CHAPTER XVI
On the morrow Chérie awoke early. She could not say what had startled her out of a deep restful slumber, but suddenly she was wide awake, every nerve tense in a kind of strained expectancy, waiting she knew not for what. Something had occurred, something had awakened her; and she was waiting for it to repeat itself; waiting to hear or feel it again. But whatever it was, sound or sensation, it was not repeated.
Chérie rose quickly, slid her feet into her slippers, and went across the room to the window. She leaned out with her bare elbows on the window-sill and looked at the garden—at the glistening lawn, at the stripped trees, dark and clear-cut against the early sky. It was a rose-grey dawn, as softly luminous as if it were the month of February instead of November. There seemed to be a promise of spring in the pale radiance of the morning.
She knew she could not sleep any more; so she dressed quietly and quickly, wrapped a scarf round her slim shoulders, and went down into the garden.

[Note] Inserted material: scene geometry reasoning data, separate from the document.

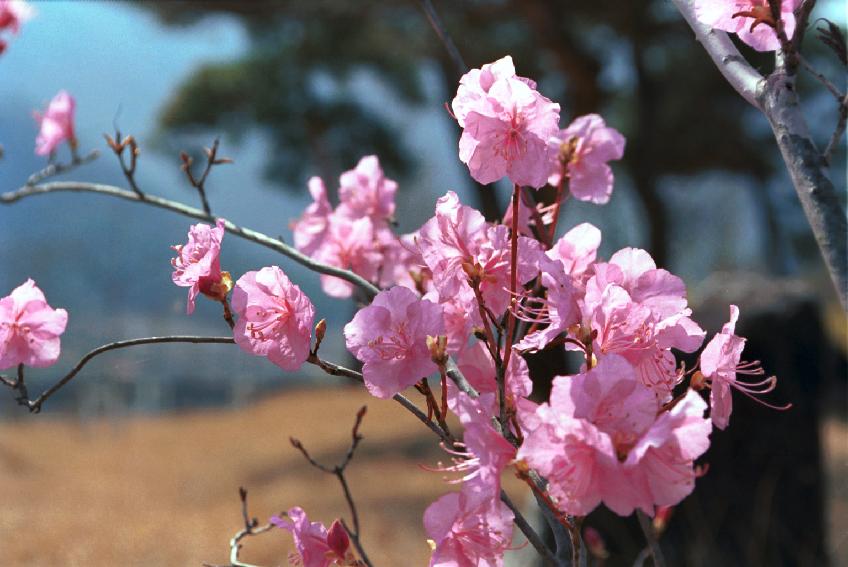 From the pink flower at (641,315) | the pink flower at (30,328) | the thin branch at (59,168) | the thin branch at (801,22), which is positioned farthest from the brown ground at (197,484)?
the thin branch at (801,22)

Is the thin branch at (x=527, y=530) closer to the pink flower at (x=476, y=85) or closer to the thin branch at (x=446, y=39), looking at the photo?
the pink flower at (x=476, y=85)

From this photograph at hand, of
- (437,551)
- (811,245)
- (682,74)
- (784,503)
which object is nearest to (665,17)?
(682,74)

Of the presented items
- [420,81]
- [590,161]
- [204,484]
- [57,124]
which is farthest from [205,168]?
[420,81]

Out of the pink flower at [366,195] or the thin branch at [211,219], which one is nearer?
the thin branch at [211,219]

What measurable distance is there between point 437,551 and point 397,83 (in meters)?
8.25

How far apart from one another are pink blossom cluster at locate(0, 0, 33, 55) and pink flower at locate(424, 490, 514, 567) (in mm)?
1147

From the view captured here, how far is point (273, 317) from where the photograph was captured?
59 centimetres

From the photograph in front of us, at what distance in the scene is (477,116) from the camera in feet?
1.81

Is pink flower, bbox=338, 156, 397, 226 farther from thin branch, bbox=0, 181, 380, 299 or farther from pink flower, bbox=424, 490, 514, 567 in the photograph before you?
pink flower, bbox=424, 490, 514, 567

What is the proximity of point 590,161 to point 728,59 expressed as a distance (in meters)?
0.21

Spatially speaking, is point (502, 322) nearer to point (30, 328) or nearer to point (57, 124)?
point (30, 328)

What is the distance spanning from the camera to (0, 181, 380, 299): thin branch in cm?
76

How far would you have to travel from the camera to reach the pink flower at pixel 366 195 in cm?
93

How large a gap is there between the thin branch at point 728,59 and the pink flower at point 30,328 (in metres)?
0.55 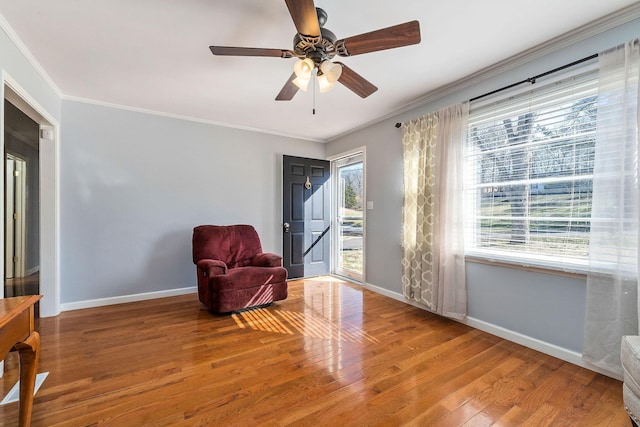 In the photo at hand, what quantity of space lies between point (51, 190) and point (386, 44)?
3.61 metres

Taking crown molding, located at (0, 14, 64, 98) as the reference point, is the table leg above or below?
below

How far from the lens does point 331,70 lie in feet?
5.72

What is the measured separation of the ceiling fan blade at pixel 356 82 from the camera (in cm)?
196

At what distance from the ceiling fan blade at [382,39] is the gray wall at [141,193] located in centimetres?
282

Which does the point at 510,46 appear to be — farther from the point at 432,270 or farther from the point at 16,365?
the point at 16,365

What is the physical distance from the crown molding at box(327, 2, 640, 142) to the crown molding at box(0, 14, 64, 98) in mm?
3558

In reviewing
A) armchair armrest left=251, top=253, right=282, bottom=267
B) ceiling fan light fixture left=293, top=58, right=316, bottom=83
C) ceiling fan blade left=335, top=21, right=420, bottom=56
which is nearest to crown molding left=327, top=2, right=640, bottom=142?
ceiling fan blade left=335, top=21, right=420, bottom=56

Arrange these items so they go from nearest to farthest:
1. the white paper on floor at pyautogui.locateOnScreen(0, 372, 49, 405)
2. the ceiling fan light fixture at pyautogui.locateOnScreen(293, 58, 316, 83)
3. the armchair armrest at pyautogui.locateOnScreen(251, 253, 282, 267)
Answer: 1. the white paper on floor at pyautogui.locateOnScreen(0, 372, 49, 405)
2. the ceiling fan light fixture at pyautogui.locateOnScreen(293, 58, 316, 83)
3. the armchair armrest at pyautogui.locateOnScreen(251, 253, 282, 267)

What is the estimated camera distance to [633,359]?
135 centimetres

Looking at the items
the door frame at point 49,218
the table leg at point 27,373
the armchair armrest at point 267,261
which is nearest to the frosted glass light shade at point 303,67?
the table leg at point 27,373

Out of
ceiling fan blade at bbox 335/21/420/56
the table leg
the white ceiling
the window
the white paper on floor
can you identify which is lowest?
the white paper on floor

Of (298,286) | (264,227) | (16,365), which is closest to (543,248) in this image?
(298,286)

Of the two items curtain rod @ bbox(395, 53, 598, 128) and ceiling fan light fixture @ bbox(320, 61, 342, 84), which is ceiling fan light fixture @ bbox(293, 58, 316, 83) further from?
curtain rod @ bbox(395, 53, 598, 128)

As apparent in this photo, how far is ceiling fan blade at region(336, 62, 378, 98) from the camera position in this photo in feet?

George Whitaker also had awakened early. These were his last few days at home before leaving for the front, and his spirit was full of feverish restlessness. His sister Eva was expected back from Hastings that morning and they would spend two or three happy days together before he left for the wonderful, and awful adventure of war. He had obeyed his mother's desire, and had not seen or spoken to their Belgian guests for many days. Indeed, it was easy—too easy, thought George with a sigh—to avoid them, for they seemed day by day to grow more shy of strangers and of friends. George only caught fleeting glimpses of them as they passed their windows; sometimes he saw a gleam of auburn hair where Chérie sat with bent head near the schoolroom balcony, reading or at work.
This morning, as he stood vigorously plying his brushes on his bright hair and gazing absent-mindedly at the garden, he caught sight of Chérie, with a scarf round her shoulders and a book in her hand, walking down the gravel pathway towards the summer-house. He flung down his brushes, finished dressing very quickly, and ran downstairs. After all, he was leaving in forty-eight hours or so—leaving to go who knows where, to return who knows when. He might never have such another chance of seeing her and saying good-bye. True, it was rather soon to say good-bye. He would probably be meeting her every moment during the next two days. Eva was coming back, and would be sure to want her little foreign friend always beside her. Eva had a way of slipping her arm through Chérie's and drawing her along, saying: "Allons, Chérie!" which was very pleasant in George's recollection. He also would have liked to slip his arm through the slim white arm of the girl and say, "Allons, Chérie!" He could imagine the flush, or the frown, or the fleeting marvel of her smile....
In a few moments he was downstairs, out of the house, and running towards the summer-house. But she was not there.
He found her walking slowly beside the little artificial lake in the shrubbery, reading her book.
"Good-morning," he said in tones exaggerately casual, as she looked up in surprise.
"Good-morning, Monsieur George," she said, and the softness of the "g's" in her French accent was sweet to his ear.